Jessie wrote:Is there any way to increase the recording length so that you are generating less small files? I understand what your trying to do but if your router crashes while you are out won't it defeat the whole purpose?
Indeed it does. Originally it also captured still snapshots, because previous installations didn't support h264 encoding. I'd be curious to know what h264 encoder could be called with simple parameters on a non-Pi installation. Increasing the length of the command line would only lead to hard-to-debug issues.
You may also have to consider a higher end router.
This is not considered at the moment since a more recent router would set me back around $300, and that 3000 connections are just too high to begin with. I don't feel like throwing more money on hardware since the problem appears to be software.
Adding a small delay of 10 or so ms may be all you need if it is easy to add to your script you may give it a shot.
Will try that as soon as the NoIR module arrives.
My point with the tar balls was to package a handful of these video files to gather so that not so many connections were open in the first place. There have to be already written scripts for taking the contents out of a tar file and deleting the tar file upon upload. If this doesn't work for you then disregaurd consider it a free bump (after stuff hits page 2 it is rarely answered)

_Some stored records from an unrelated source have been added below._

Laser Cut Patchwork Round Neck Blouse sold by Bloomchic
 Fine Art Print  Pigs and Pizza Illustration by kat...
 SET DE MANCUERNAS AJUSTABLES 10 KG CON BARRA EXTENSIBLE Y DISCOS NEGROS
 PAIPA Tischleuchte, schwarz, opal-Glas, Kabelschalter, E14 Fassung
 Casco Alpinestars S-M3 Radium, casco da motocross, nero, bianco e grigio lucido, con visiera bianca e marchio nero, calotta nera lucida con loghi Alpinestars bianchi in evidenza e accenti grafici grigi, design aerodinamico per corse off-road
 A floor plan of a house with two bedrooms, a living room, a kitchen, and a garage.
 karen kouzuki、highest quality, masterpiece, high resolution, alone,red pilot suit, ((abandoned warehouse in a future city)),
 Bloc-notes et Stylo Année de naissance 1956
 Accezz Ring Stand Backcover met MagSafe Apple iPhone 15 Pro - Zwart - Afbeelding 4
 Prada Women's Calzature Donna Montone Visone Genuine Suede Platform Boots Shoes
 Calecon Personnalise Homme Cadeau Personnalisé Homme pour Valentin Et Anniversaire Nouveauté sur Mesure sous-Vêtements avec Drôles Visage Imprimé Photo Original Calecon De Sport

Well since network connection wasn't so reliable and in case the recording devices are still in place, I also wanted to keep a local copy. As I remember, Motion offered a way to cut files after a set period of time, but the system I had back then did take a non-negligible amount of time to start a new file (slow disk access time?), enough that it would miss fast movement in front of the camera. It was also rather difficult to record for a significant length of time before file was too big to be uploaded properly. A non-uploaded file (from router crash or too large a size) isn't worth a dime.